■ **Exercise aim**
Output all entries exactly; images excluded.

■ **Exercise inputs**
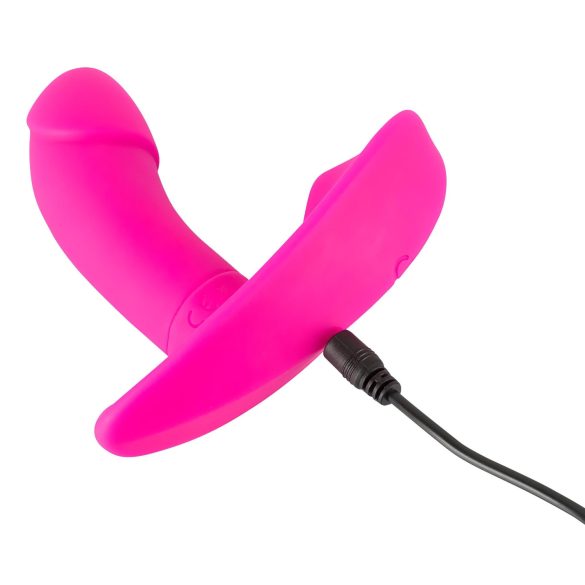 SMILE - fjärrstyrd strap-on vibrator - uppladdningsbar - rosa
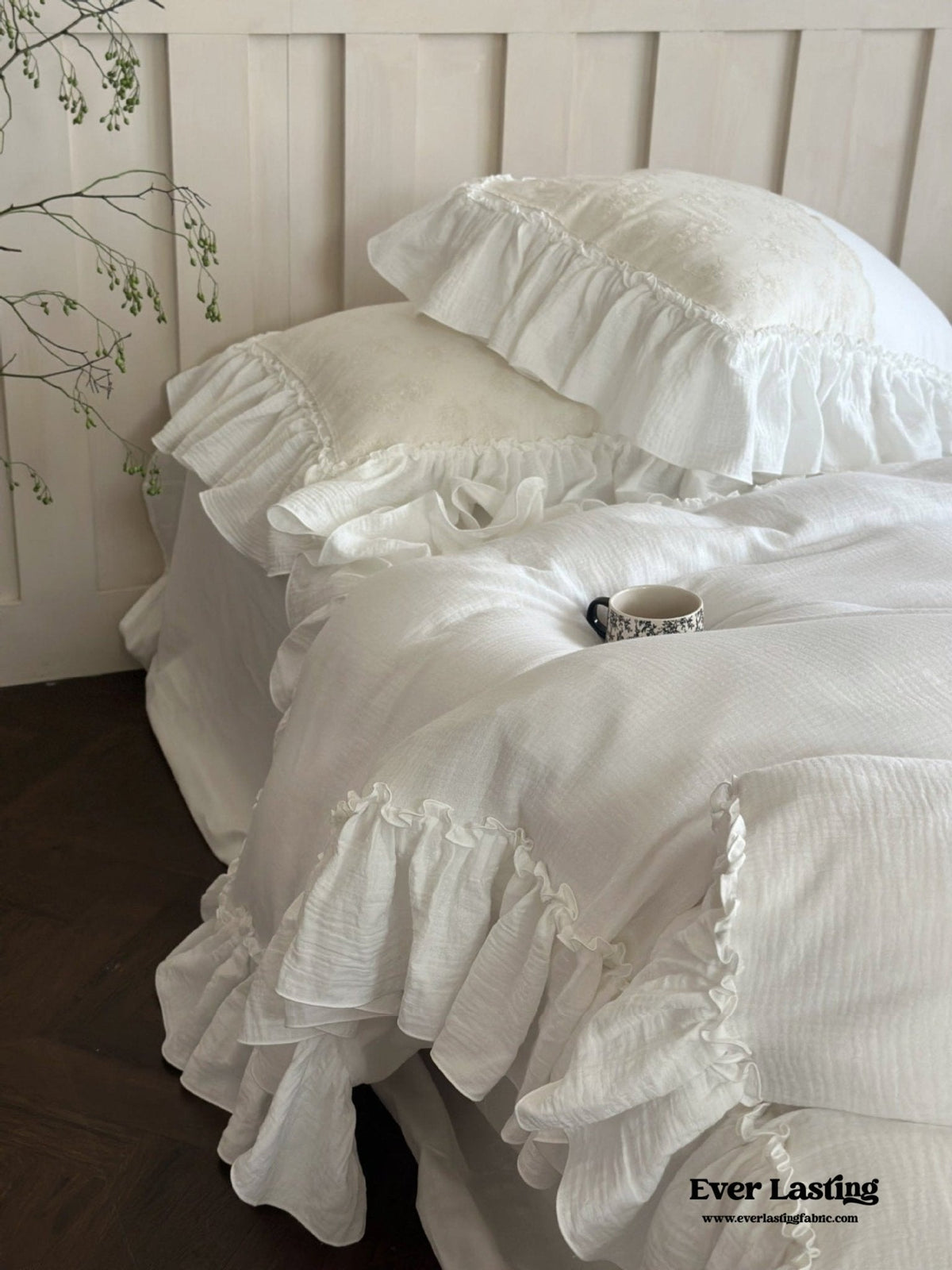 Celeste Soft Lace Embroidered Ruffle Bedding Set / White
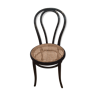 Chaise bistrot Thonet en bois noir et cannage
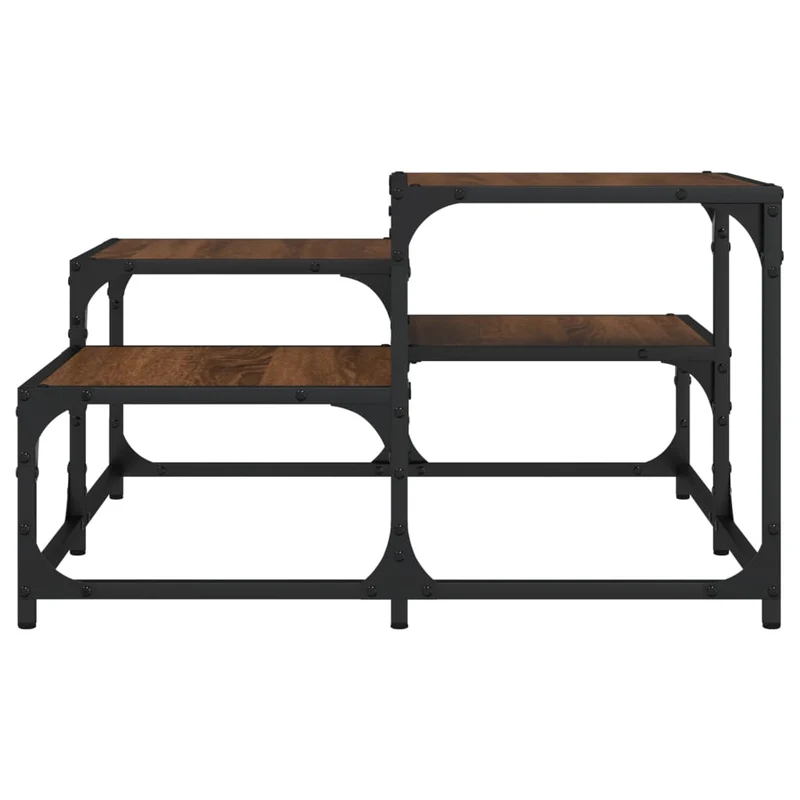 Table basse plusieurs hauteurs design moderne et contemporaine 68 x 68 x 40 cm bois d'ingénierie marron et métal DEC038731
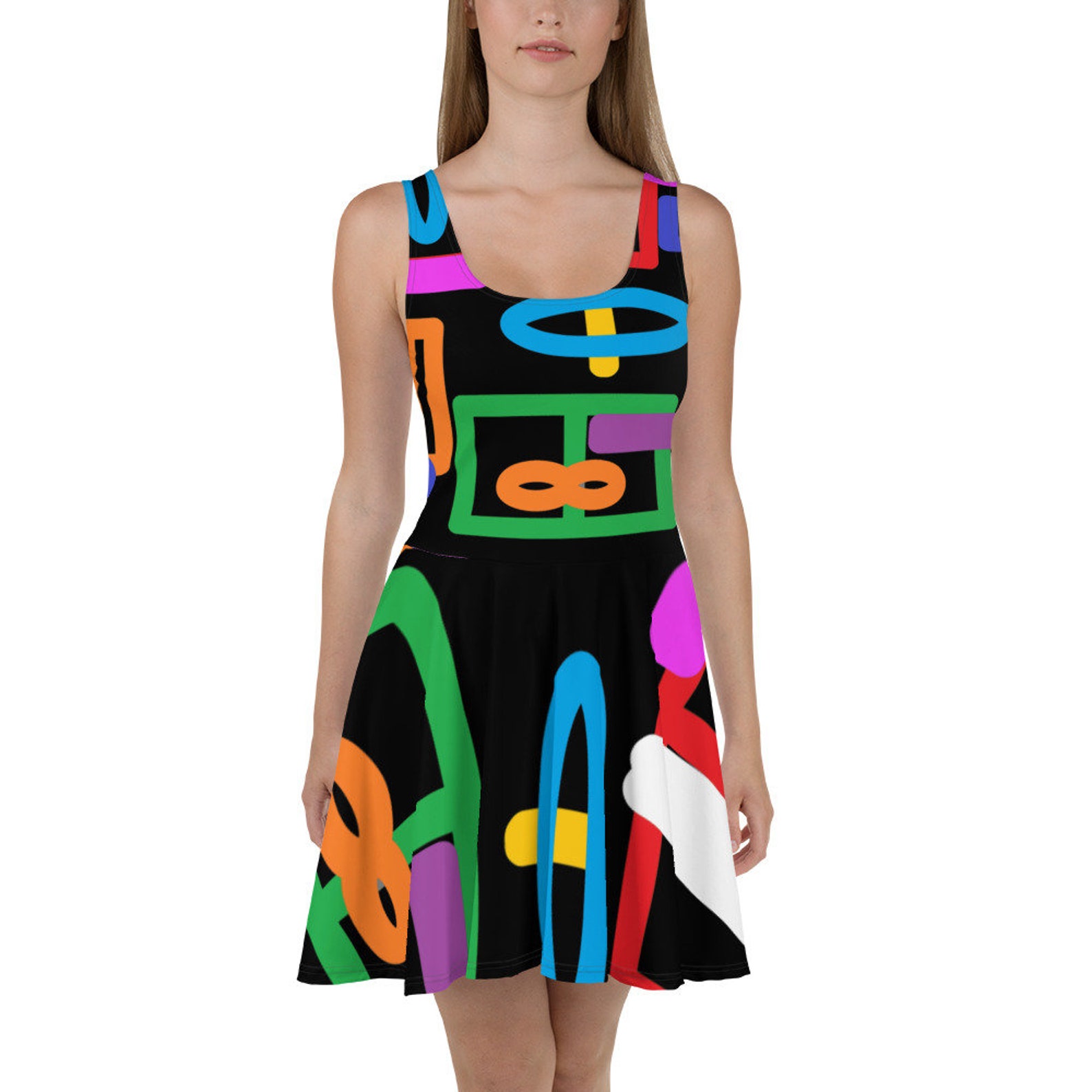 RAINBOW BLACK ABSTRACT Skater Robe motif géométrique | Etsy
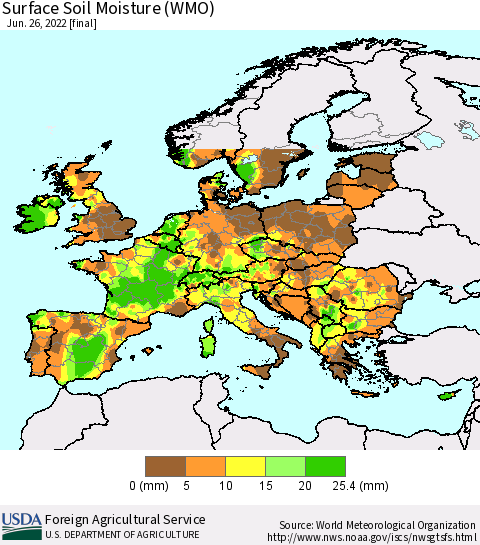 Europe Surface Soil Moisture (WMO) Thematic Map For 6/20/2022 - 6/26/2022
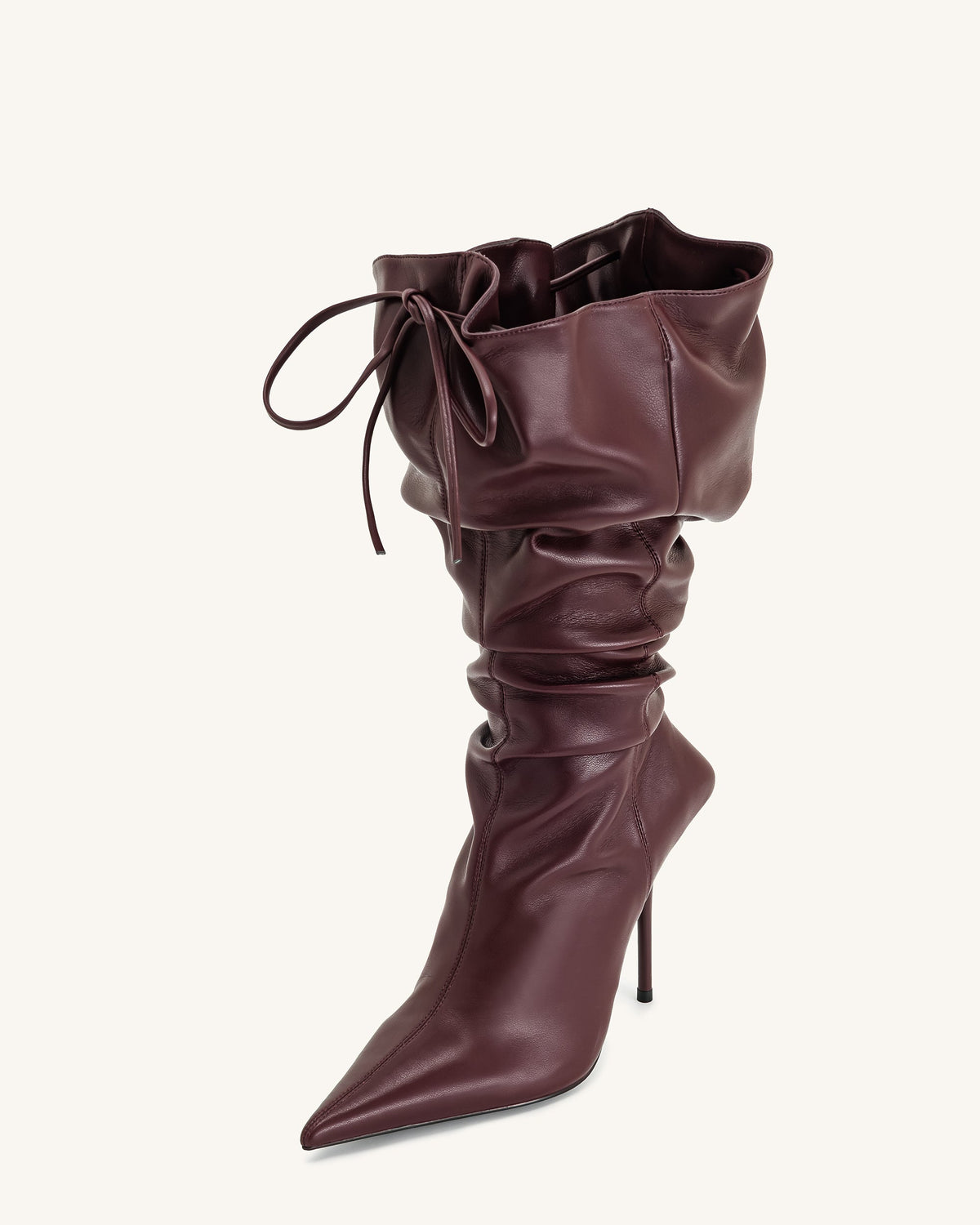 Olivia Leather High Heel Boots - Burgundy | JW PEI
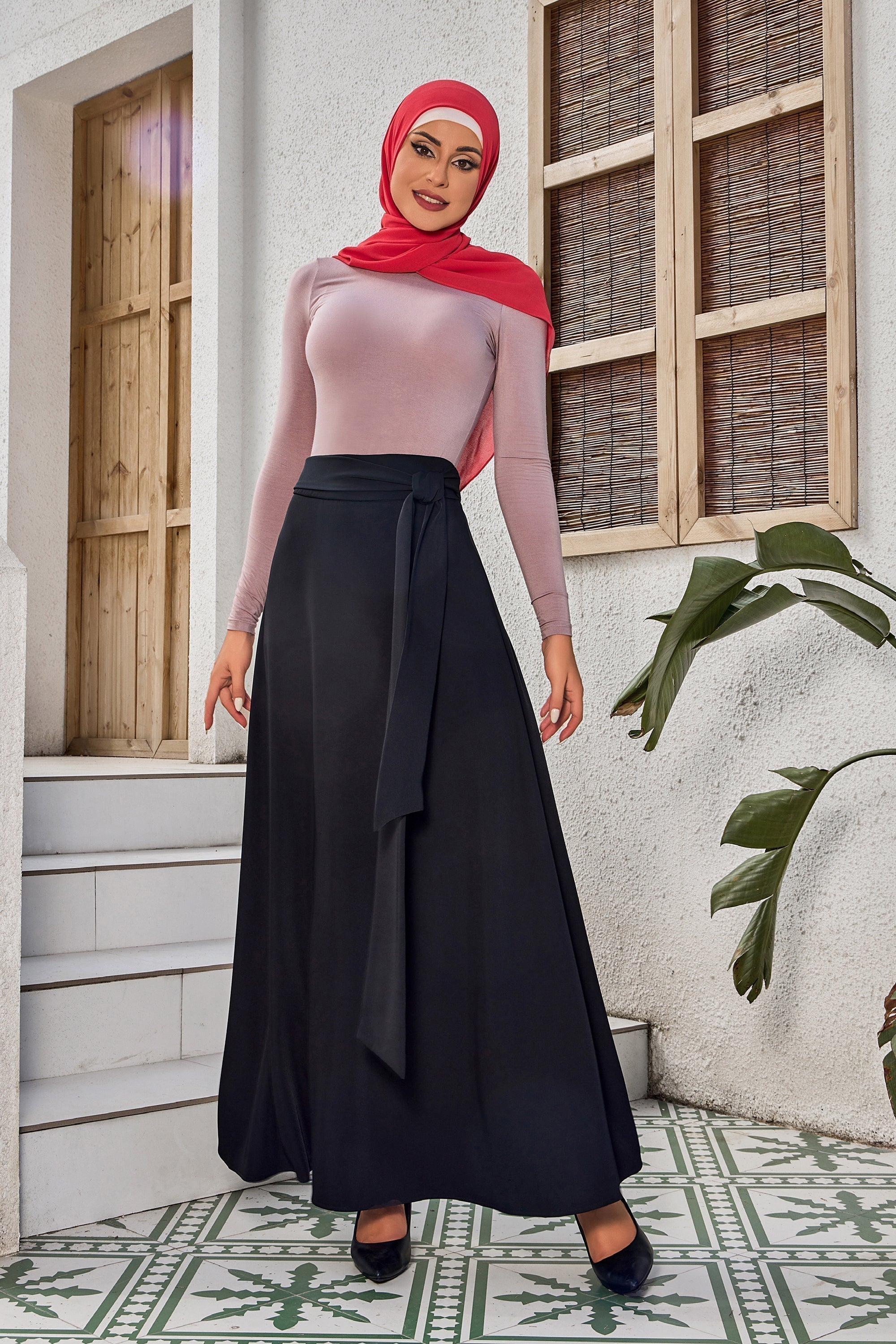 Black Flowy Tie-Belt Maxi Skirt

■ **The completed task**
 SMILE - fjärrstyrd strap-on vibrator - uppladdningsbar - rosa
 Celeste Soft Lace Embroidered Ruffle Bedding Set / White
 Chaise bistrot Thonet en bois noir et cannage
 Table basse plusieurs hauteurs design moderne et contemporaine 68 x 68 x 40 cm bois d'ingénierie marron et métal DEC038731
 RAINBOW BLACK ABSTRACT Skater Robe motif géométrique | Etsy
 Europe Surface Soil Moisture (WMO) Thematic Map For 6/20/2022 - 6/26/2022
 Olivia Leather High Heel Boots - Burgundy | JW PEI
 Black Flowy Tie-Belt Maxi Skirt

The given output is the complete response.